* [ACTION ITEM]
Return only what runs from the line containing "Women's High-Neck Soft Knit Top" through the last line of the entries below, exactly, omitting pictures.

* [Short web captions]
════════════════
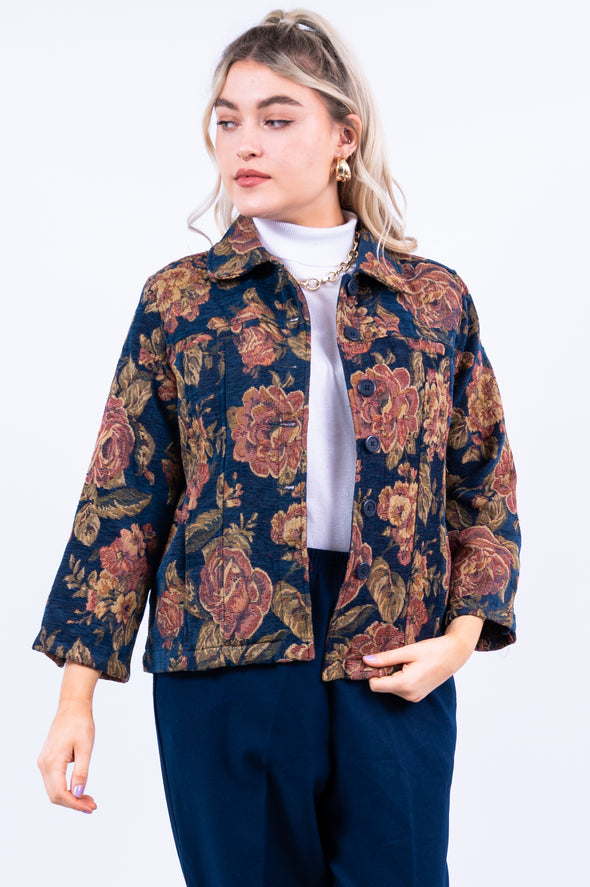 Vintage 90's Floral Tapestry Jacket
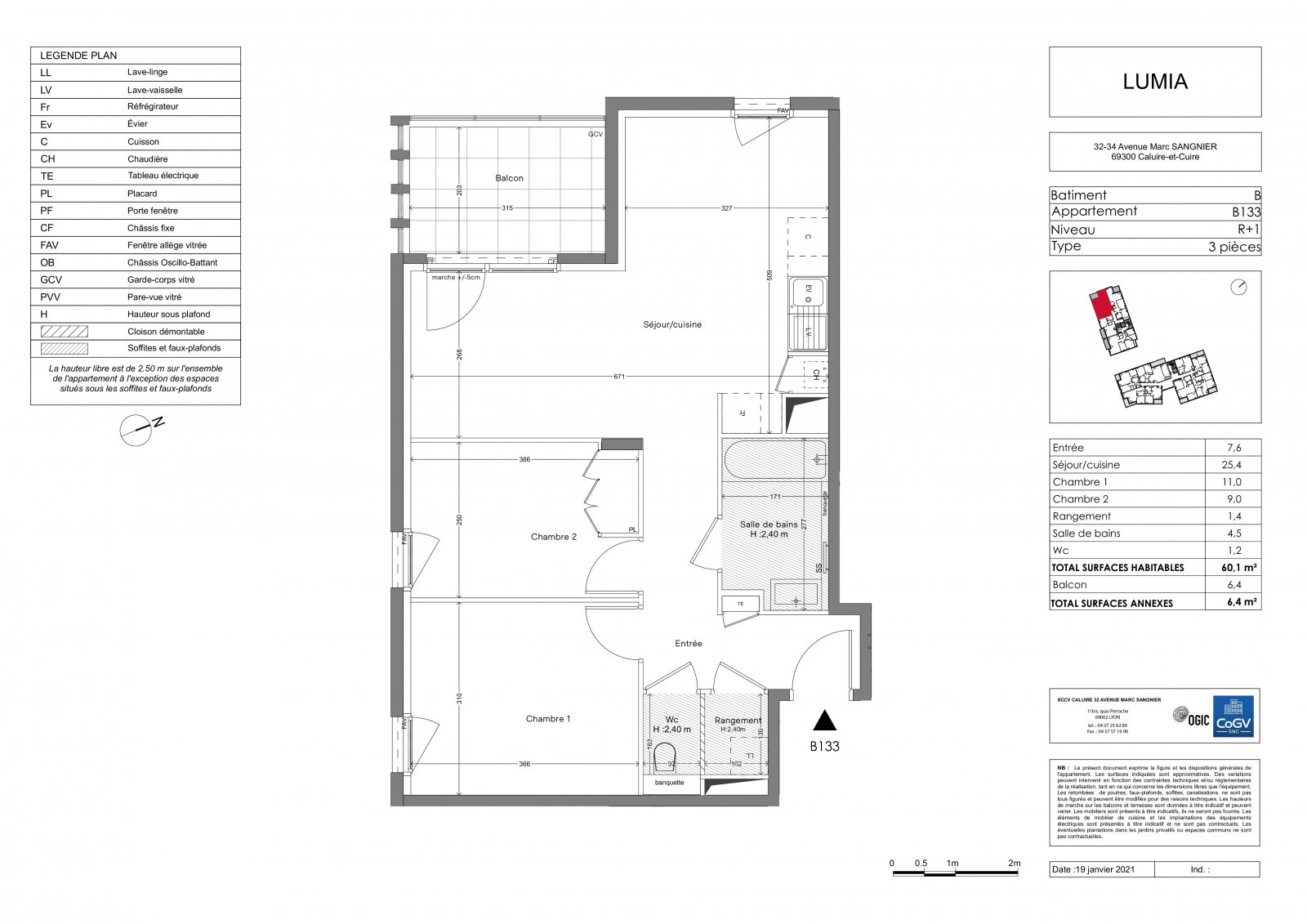 Plan 2D - lot B133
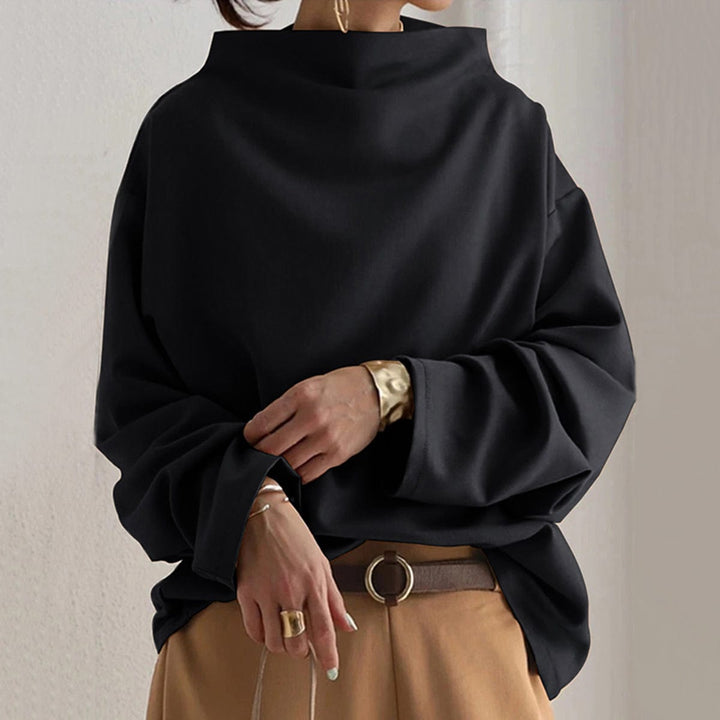 Women's High-Neck Soft Knit Top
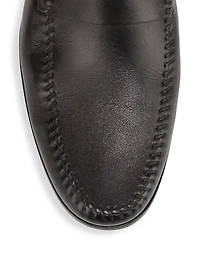 Paine Leather Moccasin Loafers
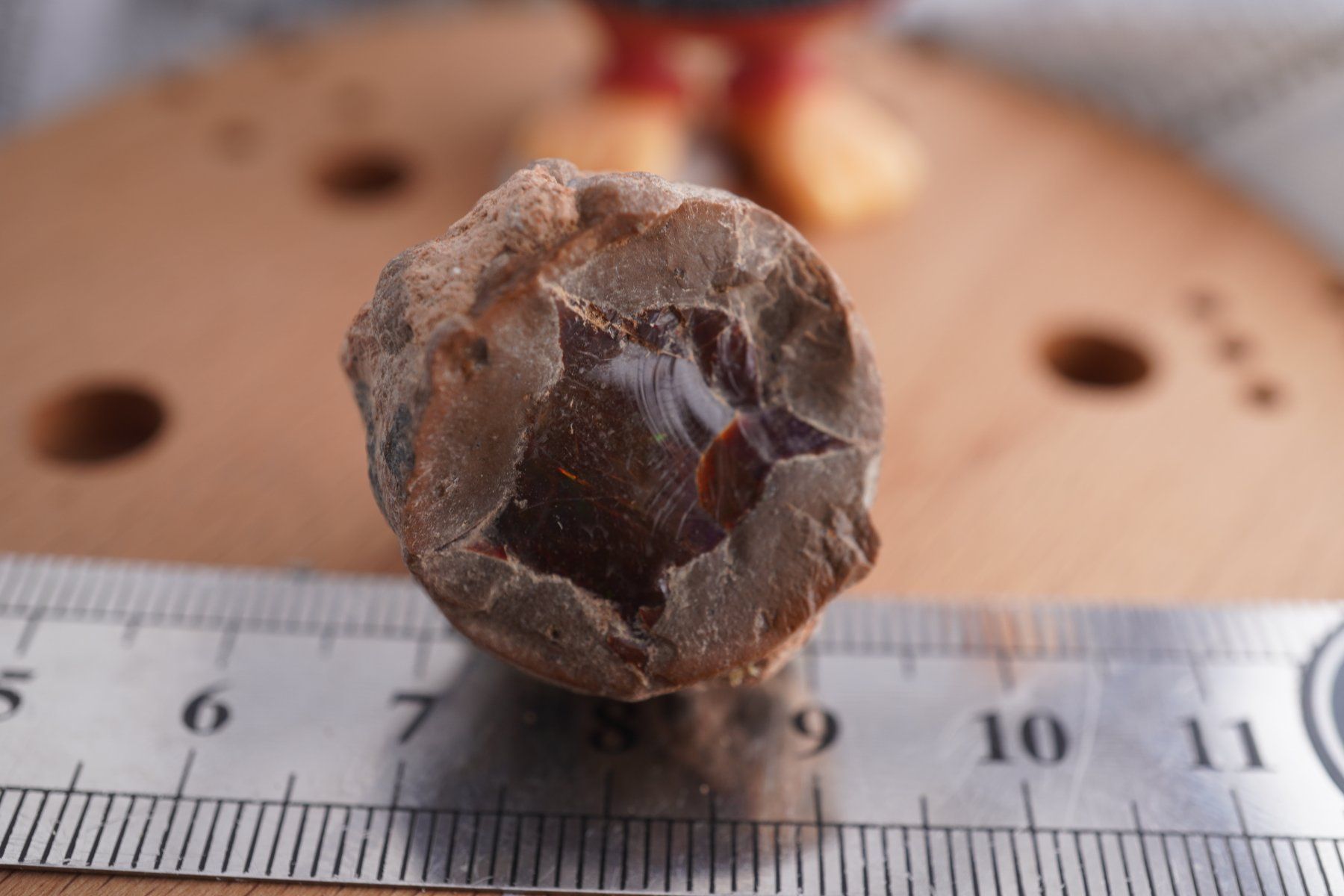 Pietre preziose: Chocolat Opal Nuss   67ct Einzelstück TOPSTONE – Nuovo e nell'imballaggio originale da Eschenbach SG venduto da topstone 7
════════════════
* [ANSWER SPACE]
 Women's High-Neck Soft Knit Top
 Paine Leather Moccasin Loafers
 Pietre preziose: Chocolat Opal Nuss   67ct Einzelstück TOPSTONE – Nuovo e nell'imballaggio originale da Eschenbach SG venduto da topstone 7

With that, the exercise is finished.